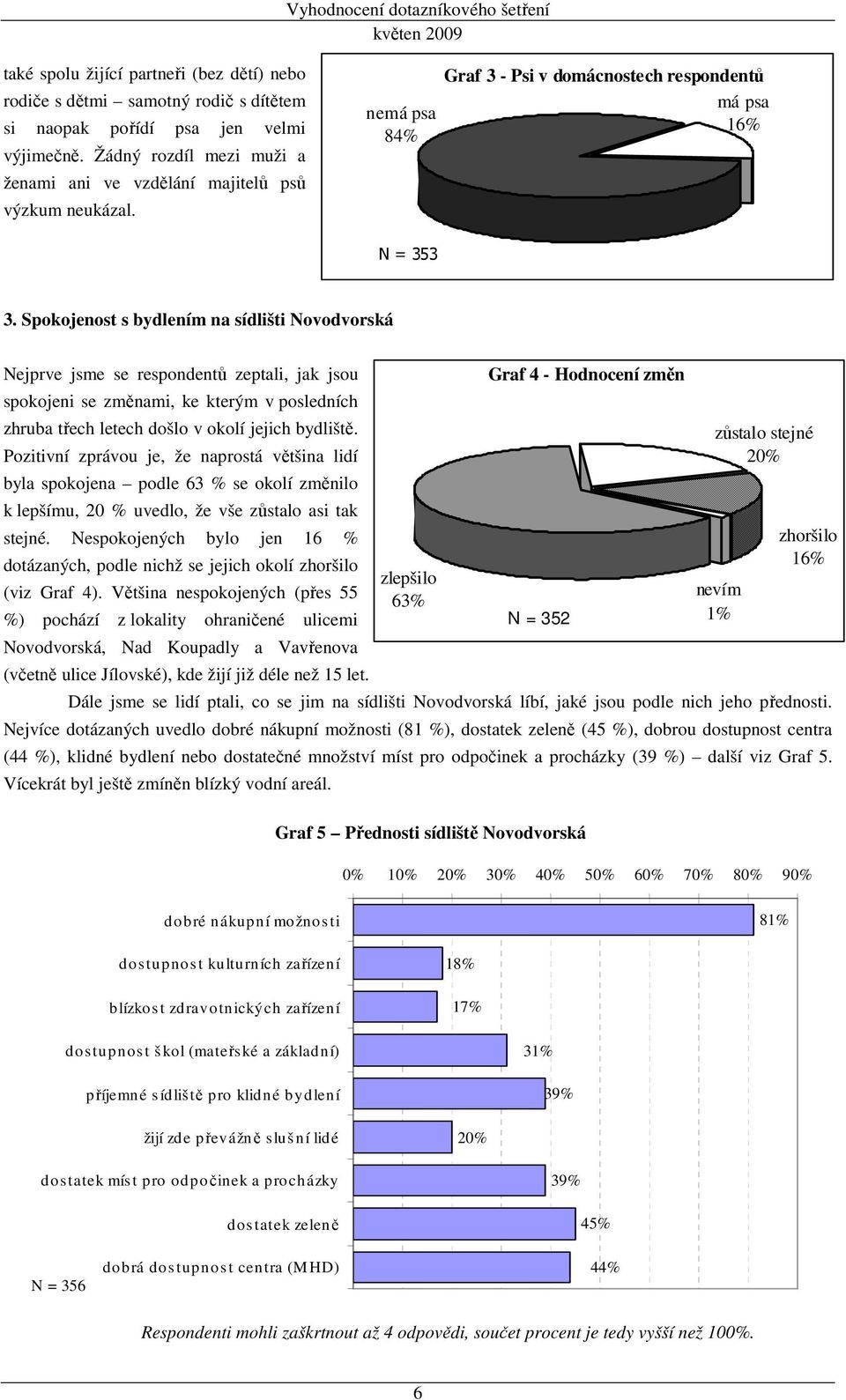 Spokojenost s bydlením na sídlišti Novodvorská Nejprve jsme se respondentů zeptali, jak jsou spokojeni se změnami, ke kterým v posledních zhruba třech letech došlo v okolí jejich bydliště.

----

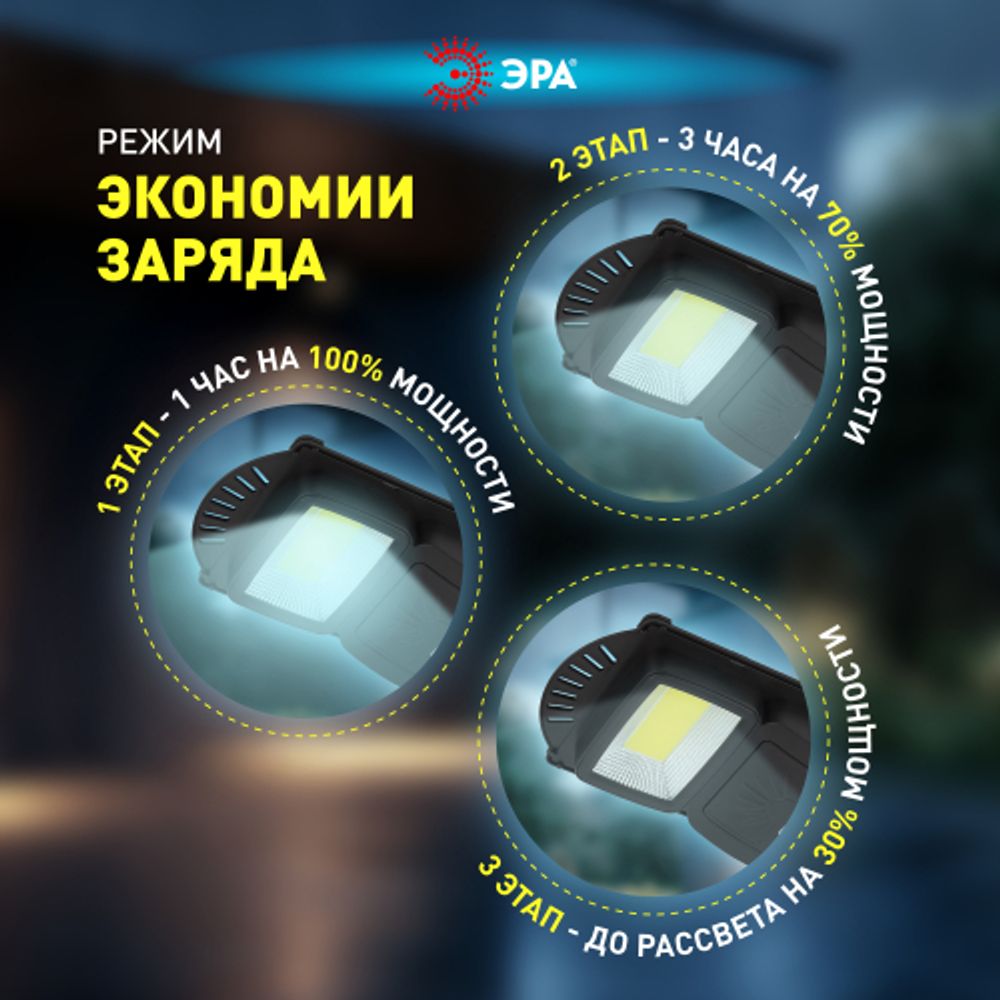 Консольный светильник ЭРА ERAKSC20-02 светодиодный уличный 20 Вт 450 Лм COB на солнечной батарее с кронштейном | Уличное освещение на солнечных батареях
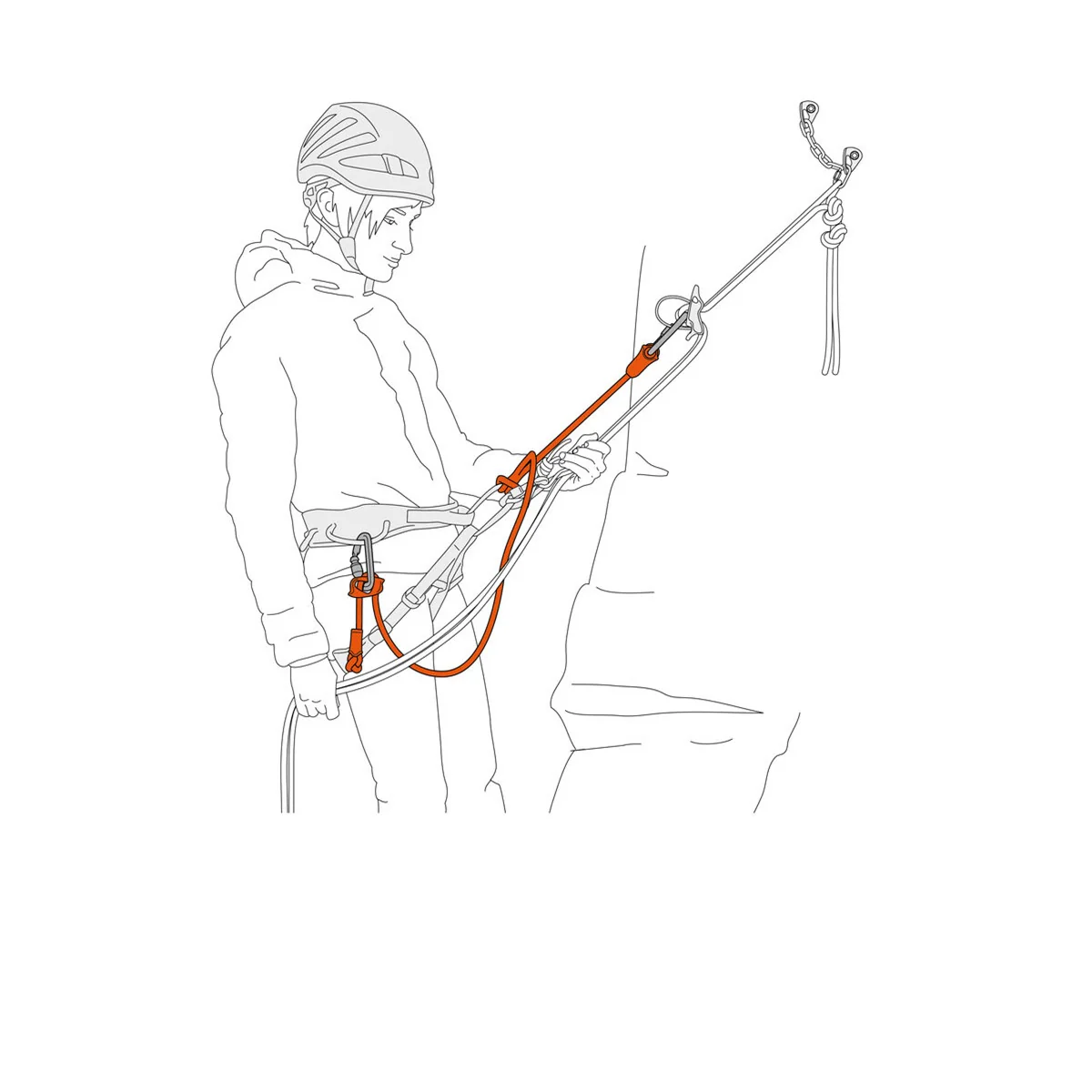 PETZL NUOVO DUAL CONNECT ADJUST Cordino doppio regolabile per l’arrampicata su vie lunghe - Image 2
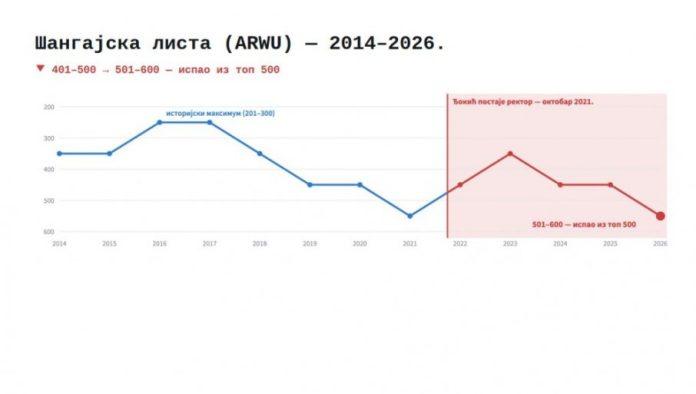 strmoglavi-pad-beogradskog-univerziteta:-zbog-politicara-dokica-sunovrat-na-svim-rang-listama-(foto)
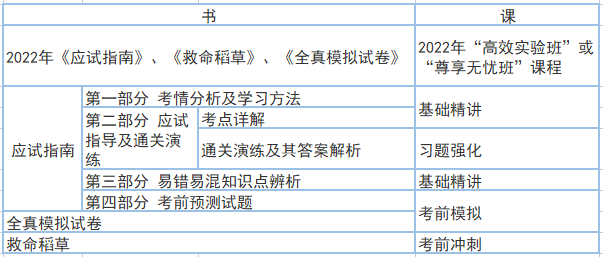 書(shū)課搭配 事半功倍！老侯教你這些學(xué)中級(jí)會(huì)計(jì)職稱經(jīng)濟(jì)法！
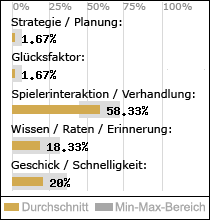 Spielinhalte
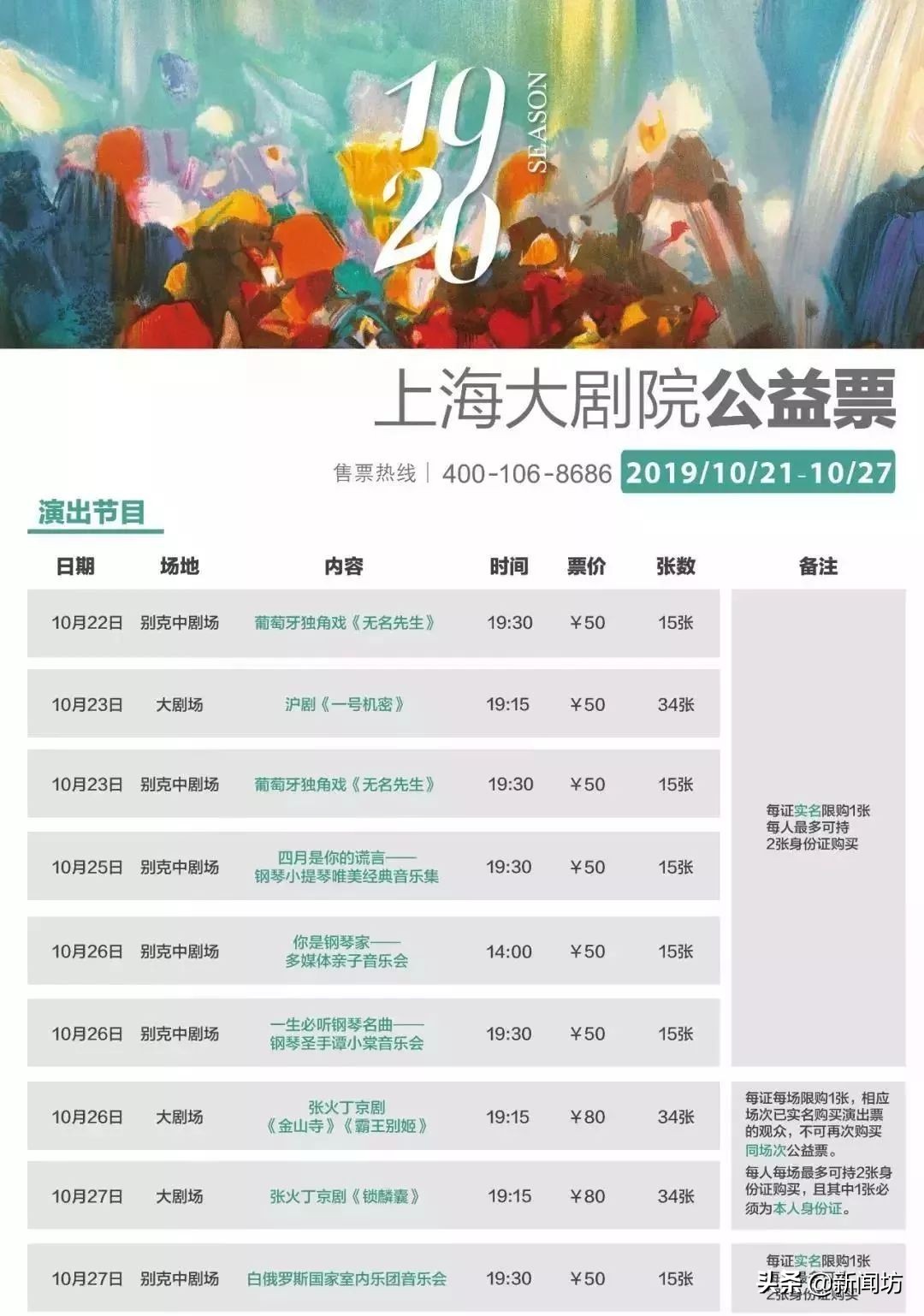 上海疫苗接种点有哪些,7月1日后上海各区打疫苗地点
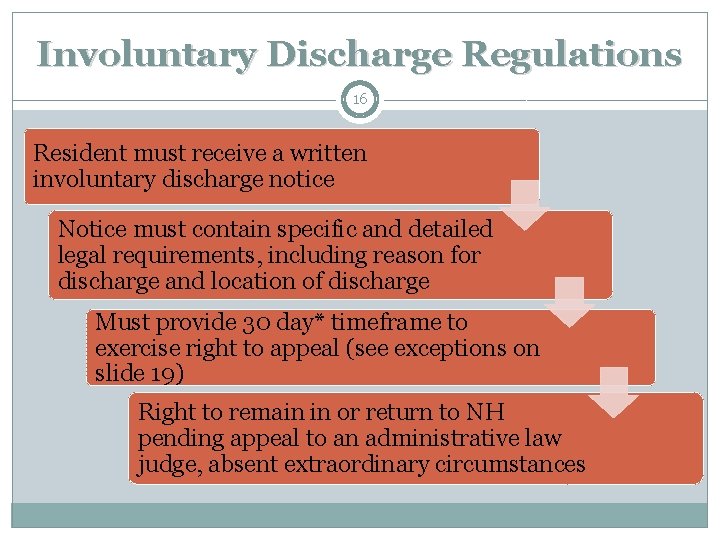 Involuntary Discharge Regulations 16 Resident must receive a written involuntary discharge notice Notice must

----

### EXERCISE REQUIREMENTS:
From the line containing "書(shū)課搭配 事半功倍" through the line containing "Involuntary Discharge Regulations", copy every line above exactly, without pictures.

### TASK RESULT:
 書(shū)課搭配 事半功倍！老侯教你這些學(xué)中級(jí)會(huì)計(jì)職稱經(jīng)濟(jì)法！
 Spielinhalte
 上海疫苗接种点有哪些,7月1日后上海各区打疫苗地点
 Involuntary Discharge Regulations 16 Resident must receive a written involuntary discharge notice Notice must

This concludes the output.